- [WHAT YOU WILL DO] Would you reproduce exactly the lines below from the one holding "Carved Green Soft Stone Horned" through the one holding "WI license plate 092XTO", inclusive, and no others?

- [EXCERPTED RECORDS]
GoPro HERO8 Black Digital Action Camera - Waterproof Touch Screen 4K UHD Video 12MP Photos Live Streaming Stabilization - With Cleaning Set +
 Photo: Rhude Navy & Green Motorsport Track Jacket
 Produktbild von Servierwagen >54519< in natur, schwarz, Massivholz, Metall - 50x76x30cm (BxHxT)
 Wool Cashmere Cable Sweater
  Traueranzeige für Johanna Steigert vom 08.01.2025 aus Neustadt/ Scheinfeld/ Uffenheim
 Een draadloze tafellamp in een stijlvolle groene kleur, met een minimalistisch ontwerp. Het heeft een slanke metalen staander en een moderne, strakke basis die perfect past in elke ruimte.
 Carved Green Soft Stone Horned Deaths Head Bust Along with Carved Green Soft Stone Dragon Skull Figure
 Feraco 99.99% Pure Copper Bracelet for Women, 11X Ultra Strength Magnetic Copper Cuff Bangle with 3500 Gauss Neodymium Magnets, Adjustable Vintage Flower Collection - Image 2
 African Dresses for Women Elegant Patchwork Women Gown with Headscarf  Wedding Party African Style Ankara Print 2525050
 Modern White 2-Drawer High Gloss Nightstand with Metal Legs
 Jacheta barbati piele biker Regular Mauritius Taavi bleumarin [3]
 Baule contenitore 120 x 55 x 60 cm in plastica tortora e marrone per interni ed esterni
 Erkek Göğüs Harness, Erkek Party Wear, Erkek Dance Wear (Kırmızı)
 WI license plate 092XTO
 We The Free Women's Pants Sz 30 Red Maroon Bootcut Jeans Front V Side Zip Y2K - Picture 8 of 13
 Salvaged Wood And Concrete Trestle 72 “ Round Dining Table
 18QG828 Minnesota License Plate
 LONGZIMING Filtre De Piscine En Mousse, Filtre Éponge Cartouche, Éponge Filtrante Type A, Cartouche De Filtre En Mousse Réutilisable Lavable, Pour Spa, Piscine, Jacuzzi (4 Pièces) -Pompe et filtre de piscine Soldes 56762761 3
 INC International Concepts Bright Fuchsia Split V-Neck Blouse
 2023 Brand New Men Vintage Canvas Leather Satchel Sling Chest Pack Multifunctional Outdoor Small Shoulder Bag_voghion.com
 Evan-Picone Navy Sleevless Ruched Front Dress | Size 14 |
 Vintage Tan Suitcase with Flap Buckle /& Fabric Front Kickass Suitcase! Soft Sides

- [EXERCISE ANSWER]
 Carved Green Soft Stone Horned Deaths Head Bust Along with Carved Green Soft Stone Dragon Skull Figure
 Feraco 99.99% Pure Copper Bracelet for Women, 11X Ultra Strength Magnetic Copper Cuff Bangle with 3500 Gauss Neodymium Magnets, Adjustable Vintage Flower Collection - Image 2
 African Dresses for Women Elegant Patchwork Women Gown with Headscarf  Wedding Party African Style Ankara Print 2525050
 Modern White 2-Drawer High Gloss Nightstand with Metal Legs
 Jacheta barbati piele biker Regular Mauritius Taavi bleumarin [3]
 Baule contenitore 120 x 55 x 60 cm in plastica tortora e marrone per interni ed esterni
 Erkek Göğüs Harness, Erkek Party Wear, Erkek Dance Wear (Kırmızı)
 WI license plate 092XTO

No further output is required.